Only it’s not an Amazon product at all, it’s a Lenovo one. And a really interesting one, because, conceptually speaking, it’s far more versatile than the rigidity of Echo – given it can be used as a standalone tablet minus the Alexa aspect of things. The Lenovo is also visually more arresting than the blocky Echo Show, which gives it another edge over the first-party product.
Problem is, clever as the Lenovo Tab 4 with Home Assistant looks and sounds, it’s not fully realised – at least, not yet, not in the pre-release form we saw the device in at Lenovo’s pre-IFA conference.
Why? A couple of things: the way the tablet clips into the speaker section via a USB-C port is clumsy, as it’s fiddly and takes too long if it doesn’t go right first time. Without a hardline power source Alexa also won’t work, so you can’t roam around the house without the speaker portion being fully powered (the tablet can’t do this).
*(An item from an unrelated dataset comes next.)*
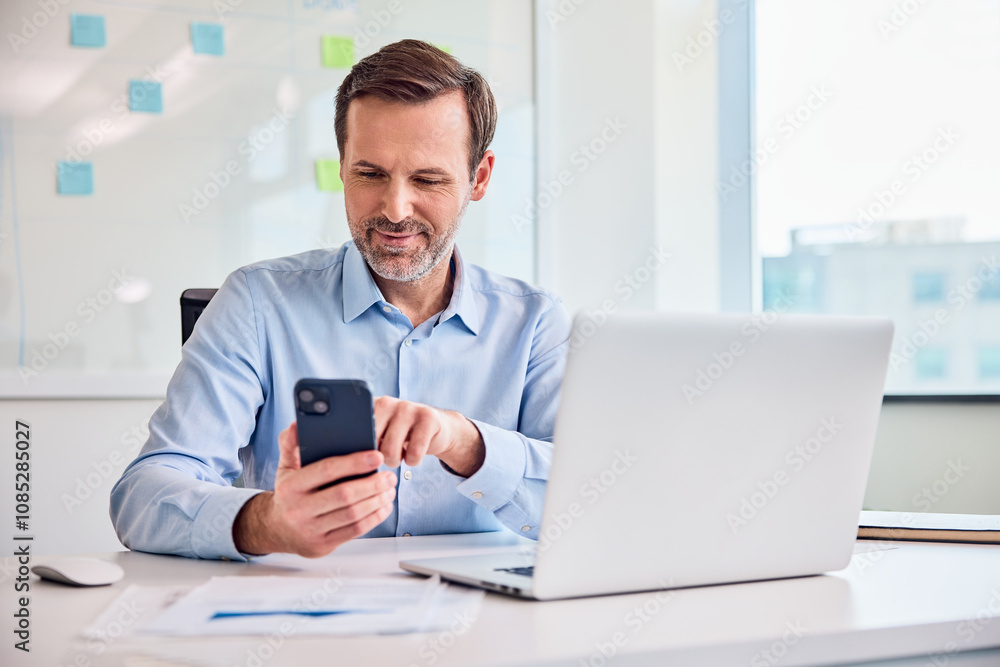 Businessman working at office using mobile phone l Businessman working at office using mobile phone l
Functionality wise, too, the Home Assistant just isn’t quite there. Lenovo tells us that there are two far-field microphones used to interact with Alexa from up to four metres away, but in the tests we tried and witnessed it wasn’t possible to interact with Alexa without pressing-and-holding a virtual button on screen. We would rather than Alexa was always listening.
As a speaker, the small scale of the Home Assistant – which contains two 3W speakers – isn’t going to blow your socks off, but it’s practical at this smaller scale. There are no controls on it, however, with the tablet assuming command of volume adjustment once docked.
The concept of the Lenovo Tab 4 tablet mated with Home Assistant is a great alternative to an Amazon Echo Show thanks to its Alexa integration. In its current state however, it doesn’t leverage the right level of usability to be deemed as a better alternative.
Perhaps future software changes and tweaks will see this improve, as we can see heaps of potential in what the Lenovo Home Assistant could be – especially if it didn’t need to be plugged into the mains at all times or docked with a Tab 4 tablet to provide full functionality as a voice assistant.